Information shown →
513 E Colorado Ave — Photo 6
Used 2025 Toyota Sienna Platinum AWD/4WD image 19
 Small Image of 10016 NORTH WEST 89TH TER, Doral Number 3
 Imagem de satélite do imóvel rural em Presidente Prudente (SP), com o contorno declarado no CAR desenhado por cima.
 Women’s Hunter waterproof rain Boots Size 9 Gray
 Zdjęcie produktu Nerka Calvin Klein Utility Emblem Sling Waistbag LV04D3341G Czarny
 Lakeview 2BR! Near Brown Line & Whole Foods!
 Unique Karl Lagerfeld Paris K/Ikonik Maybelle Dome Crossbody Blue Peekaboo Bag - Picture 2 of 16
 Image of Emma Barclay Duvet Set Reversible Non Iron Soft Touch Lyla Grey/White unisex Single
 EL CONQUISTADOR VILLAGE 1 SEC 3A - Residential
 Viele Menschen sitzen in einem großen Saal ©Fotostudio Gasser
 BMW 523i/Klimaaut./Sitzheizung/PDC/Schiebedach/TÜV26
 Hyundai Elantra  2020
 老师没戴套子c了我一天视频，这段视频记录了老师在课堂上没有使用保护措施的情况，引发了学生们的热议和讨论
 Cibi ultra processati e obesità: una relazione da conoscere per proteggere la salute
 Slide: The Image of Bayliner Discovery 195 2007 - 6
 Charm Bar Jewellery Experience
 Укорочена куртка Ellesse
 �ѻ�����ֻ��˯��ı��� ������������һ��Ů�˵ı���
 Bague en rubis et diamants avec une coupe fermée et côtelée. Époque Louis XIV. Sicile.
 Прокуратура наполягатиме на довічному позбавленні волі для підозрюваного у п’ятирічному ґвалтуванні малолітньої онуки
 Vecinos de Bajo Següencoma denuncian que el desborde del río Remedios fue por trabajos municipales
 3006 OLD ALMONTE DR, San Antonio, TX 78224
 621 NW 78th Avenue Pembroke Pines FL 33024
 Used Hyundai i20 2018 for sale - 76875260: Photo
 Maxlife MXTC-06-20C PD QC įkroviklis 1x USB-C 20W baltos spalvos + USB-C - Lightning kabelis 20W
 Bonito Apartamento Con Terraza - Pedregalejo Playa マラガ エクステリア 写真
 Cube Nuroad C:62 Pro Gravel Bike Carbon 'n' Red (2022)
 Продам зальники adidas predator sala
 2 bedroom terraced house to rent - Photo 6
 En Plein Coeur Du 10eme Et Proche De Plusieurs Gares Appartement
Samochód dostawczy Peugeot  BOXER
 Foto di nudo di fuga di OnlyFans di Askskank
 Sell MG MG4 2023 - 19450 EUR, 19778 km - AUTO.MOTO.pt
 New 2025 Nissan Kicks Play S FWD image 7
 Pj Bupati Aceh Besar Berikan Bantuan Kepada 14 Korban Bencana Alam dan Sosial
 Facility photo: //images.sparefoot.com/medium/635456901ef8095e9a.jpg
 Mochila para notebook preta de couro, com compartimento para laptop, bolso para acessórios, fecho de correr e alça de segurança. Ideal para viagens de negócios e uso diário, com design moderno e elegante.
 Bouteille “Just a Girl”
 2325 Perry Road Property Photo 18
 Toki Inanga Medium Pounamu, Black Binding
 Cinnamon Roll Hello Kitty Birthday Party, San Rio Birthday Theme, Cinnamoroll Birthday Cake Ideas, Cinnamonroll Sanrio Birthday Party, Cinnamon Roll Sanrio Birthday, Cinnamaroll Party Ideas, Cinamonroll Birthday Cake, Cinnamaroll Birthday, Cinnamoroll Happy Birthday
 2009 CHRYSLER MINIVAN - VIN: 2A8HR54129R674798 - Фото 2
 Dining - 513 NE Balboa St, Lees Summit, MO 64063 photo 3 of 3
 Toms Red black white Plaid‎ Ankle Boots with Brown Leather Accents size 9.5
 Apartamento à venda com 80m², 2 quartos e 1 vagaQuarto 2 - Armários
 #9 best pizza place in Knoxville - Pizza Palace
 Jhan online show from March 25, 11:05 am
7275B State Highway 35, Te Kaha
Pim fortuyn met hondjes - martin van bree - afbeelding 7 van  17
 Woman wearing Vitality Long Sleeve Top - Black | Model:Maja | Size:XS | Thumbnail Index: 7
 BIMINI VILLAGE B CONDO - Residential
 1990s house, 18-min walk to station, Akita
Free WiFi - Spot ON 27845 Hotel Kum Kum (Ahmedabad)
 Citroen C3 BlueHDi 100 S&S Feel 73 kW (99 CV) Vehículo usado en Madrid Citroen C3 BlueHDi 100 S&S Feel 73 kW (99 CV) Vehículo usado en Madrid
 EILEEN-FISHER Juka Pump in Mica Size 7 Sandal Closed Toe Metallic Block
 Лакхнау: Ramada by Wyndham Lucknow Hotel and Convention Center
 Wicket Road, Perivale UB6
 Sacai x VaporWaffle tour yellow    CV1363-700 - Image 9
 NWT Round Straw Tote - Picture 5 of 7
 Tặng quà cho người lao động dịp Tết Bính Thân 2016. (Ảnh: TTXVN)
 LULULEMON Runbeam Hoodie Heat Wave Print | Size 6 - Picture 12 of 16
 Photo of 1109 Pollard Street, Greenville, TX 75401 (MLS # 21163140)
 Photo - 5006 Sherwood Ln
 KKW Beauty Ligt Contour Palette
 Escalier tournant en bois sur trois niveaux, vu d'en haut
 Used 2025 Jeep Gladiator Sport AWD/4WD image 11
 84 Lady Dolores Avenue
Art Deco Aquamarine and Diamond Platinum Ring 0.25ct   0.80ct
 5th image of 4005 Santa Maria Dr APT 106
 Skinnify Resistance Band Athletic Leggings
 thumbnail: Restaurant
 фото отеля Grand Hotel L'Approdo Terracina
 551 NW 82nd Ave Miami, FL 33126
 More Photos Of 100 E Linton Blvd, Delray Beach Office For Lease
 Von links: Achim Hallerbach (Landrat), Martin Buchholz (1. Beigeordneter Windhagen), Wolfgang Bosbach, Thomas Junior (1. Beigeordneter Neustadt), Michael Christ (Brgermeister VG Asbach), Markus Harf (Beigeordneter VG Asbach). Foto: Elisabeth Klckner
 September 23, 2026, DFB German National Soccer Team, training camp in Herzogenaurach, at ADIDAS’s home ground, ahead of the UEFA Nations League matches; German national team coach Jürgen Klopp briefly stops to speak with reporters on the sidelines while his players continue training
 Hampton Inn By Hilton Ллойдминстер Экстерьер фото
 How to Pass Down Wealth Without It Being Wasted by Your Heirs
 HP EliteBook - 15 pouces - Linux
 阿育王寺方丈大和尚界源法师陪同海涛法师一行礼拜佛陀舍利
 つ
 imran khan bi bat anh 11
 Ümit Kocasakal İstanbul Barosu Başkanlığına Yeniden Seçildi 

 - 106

How to complete this task → Lines containing the string "Platinum" in the listing: say how many there are, giving only the number.

Output of the exercise → 2